My vampire daughter was already pregnant to me, anyway, but that was no reason to neglect her, or anyone else, for that matter. Elaine’s daughters by Hershel were also knocked up, but no one knew the paternity in their cases. Some certainty ... mixed with uncertainty. That sounded just fine by me. I didn’t want everything planned out with no spontaneity, after all. That would be dull.
“Well, I just got an update of my own. You might want to see this,” Kirsten showed me news on the admittedly still sketchy internet about Arizona.
“The Mormon Militia has captured Gilbert and Chandler ... and is driving on to Scottsdale. It seems that the locals either surrendered or fled. The lines of defense were broken pretty damn fast. A so-called ‘Phoenician Republic’ has been declared in the cities of Phoenix, Glendale, Sun City, Peoria, Avondale, and Scottsdale to mobilize united resistance to the Mormon offensive. Well, it appears that the rest of the Valley of the Sun doesn’t much like the idea of being under LDS rule. Gee, I wonder why?” I winked at Nydia as she sucked me straight from Sarai and then guided me back into her.
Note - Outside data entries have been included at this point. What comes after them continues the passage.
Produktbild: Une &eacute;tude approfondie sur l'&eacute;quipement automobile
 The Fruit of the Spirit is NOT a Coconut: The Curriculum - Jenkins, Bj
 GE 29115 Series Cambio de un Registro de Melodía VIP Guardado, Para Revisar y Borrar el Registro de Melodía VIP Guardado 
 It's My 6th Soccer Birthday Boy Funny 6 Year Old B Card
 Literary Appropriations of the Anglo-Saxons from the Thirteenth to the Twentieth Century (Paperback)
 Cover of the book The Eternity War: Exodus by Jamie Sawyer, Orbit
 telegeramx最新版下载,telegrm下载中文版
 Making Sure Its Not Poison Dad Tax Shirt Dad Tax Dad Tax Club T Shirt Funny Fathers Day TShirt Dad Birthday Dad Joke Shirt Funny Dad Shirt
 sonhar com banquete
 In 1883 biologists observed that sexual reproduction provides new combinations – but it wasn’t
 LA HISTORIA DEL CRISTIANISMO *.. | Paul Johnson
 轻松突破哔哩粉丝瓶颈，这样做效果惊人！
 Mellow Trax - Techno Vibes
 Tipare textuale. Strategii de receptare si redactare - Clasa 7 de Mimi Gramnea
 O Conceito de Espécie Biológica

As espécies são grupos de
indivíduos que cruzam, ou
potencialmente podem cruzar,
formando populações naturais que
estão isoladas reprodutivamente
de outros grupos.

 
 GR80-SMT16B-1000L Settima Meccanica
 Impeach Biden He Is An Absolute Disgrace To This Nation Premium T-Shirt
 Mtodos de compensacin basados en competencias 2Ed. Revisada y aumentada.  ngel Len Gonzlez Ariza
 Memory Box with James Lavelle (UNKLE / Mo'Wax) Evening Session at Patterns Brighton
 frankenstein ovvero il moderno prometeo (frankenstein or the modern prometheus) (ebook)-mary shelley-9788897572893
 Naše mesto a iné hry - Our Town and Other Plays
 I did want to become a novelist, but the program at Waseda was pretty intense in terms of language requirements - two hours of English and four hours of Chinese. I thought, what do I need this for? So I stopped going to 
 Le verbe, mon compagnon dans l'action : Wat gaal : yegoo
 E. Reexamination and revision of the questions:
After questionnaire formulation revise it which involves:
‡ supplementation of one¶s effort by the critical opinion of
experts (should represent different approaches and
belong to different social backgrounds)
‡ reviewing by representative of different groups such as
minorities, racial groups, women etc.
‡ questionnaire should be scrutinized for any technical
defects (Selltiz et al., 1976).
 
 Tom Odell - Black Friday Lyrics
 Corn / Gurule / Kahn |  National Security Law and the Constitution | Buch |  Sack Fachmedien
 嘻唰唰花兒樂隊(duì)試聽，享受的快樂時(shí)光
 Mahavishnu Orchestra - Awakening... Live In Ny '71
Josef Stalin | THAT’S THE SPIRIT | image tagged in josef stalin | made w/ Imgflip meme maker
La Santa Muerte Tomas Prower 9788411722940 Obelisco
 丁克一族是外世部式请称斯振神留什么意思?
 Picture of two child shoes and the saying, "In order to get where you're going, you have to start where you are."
“The Battle of Phoenix ... that has a dramatic ring to it, doesn’t it? I imagine that more will flee Phoenix if it falls to the Mormon Militia, won’t they? Where, oh, where will they go? It says here that they’ve jailed whores and johns and executed pimps as well as madams whenever they’ve taken over. Rough business, don’t you think? I can only guess that the strippers are next. What about junkies and pushers?” Sandeep read aloud.
“Mandatory detox labs for junkies, death for pushers. The Mormons like to hang people, or so it appears. That’s one approach, I guess. Also, Prohibition is back and all bars have been ordered to go dry as cafes or else close. Yes, alcohol and tobacco are forbidden now ... and caffeinated sodas are more regulated than they used to be. Porn’s banned, adult shops have to close their doors, and theaters are required to censor their movie content much more.
“And the LDS are imposing a ‘bachelor tax’ on unmarried men ... why not on women, too? Probably because women are more eager to marry already. Yeah, I’d leave for sure if I were them. And abortion’s illegal, along with sodomy, crossdressing, BDSM, etc. Even condoms are heavily taxed. Vasectomies are outlawed as well. Circumcision’s illegal, too. Tubal ligations are reserved for extreme issues related to a chronic history of poor prenatal health.